Thursday, April 26, 2007

I have not posted in a long time, as things seem to be moving so fast and my attitude towards things has really evolved. I have been making a lot of personal discovery for me and Jake as I research Dyslexia, Attention Deficit Disorder, Visual Spatial and Learning styles.

At first I thought I had to recreate school at home and that Jake just needed one on one interaction and all would be solved. This however is not what happened at all. Instead of a curriculum I purchased workbooks in every subject and laid out a schedule. Sitting down and trying to do basic lessons and workbooks he resisted it and he continued to be stressed and have anxiety. The only thing he really liked doing were hands on science experiments and field trips.

For dyslexia we tried Audiblox- he cried he twitched he resisted so we took a break from it thinking I would eventually go back to it. We then moved on to enhanced lateralization techniques, he did not like that either. I then found out about Davis Dyslexia and read the Gift of Dyslexia. This book described Jake to a tee, so off we went to a $2500 week of Davis Dyslexia Correction.
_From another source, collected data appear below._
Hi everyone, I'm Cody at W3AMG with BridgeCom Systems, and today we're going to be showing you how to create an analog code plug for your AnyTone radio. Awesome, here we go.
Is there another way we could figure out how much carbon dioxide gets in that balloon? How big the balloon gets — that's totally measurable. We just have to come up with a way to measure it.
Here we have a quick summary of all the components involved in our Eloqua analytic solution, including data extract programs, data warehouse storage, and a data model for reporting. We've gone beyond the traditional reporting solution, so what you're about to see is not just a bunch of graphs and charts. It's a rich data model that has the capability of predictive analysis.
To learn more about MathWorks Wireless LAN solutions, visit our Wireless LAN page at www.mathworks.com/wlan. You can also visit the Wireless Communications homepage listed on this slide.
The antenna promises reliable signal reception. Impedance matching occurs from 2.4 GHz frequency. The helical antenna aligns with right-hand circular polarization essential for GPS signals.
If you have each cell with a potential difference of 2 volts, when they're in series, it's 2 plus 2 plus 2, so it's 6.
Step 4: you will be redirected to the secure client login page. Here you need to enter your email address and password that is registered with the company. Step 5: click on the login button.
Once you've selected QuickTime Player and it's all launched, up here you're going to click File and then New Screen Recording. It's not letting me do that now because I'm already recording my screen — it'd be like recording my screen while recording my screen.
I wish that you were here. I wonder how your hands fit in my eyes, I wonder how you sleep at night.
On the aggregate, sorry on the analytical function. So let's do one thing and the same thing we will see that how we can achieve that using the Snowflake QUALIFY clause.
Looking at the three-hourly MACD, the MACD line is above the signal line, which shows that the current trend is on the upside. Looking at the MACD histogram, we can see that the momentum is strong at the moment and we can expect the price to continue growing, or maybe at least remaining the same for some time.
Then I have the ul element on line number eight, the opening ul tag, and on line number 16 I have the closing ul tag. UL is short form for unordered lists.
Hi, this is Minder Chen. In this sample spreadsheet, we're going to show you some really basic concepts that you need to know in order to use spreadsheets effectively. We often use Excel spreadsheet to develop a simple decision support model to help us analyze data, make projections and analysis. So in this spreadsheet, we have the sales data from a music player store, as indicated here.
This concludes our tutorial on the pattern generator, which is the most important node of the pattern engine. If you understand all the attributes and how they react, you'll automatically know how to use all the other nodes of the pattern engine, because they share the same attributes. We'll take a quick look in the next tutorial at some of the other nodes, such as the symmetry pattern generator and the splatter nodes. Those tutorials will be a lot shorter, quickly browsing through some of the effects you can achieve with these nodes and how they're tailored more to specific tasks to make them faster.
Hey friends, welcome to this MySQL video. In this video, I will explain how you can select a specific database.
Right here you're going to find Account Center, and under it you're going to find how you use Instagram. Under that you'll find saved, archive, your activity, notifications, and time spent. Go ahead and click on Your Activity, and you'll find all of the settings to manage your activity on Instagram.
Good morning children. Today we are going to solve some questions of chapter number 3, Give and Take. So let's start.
He had a great week, I do not regret doing the program but I feel he was not personally mature enough to truly take advantage of the techniques. The clay work that we were to continue at home after a few weeks he resisted or he would drag out each word into an hour and a half playing with clay session that has not much to do with the definition of the word we were working on. He really resisted the reading exercises. So I eventually stopped trying to make him do it, but I must say his reading really improved from these exercises.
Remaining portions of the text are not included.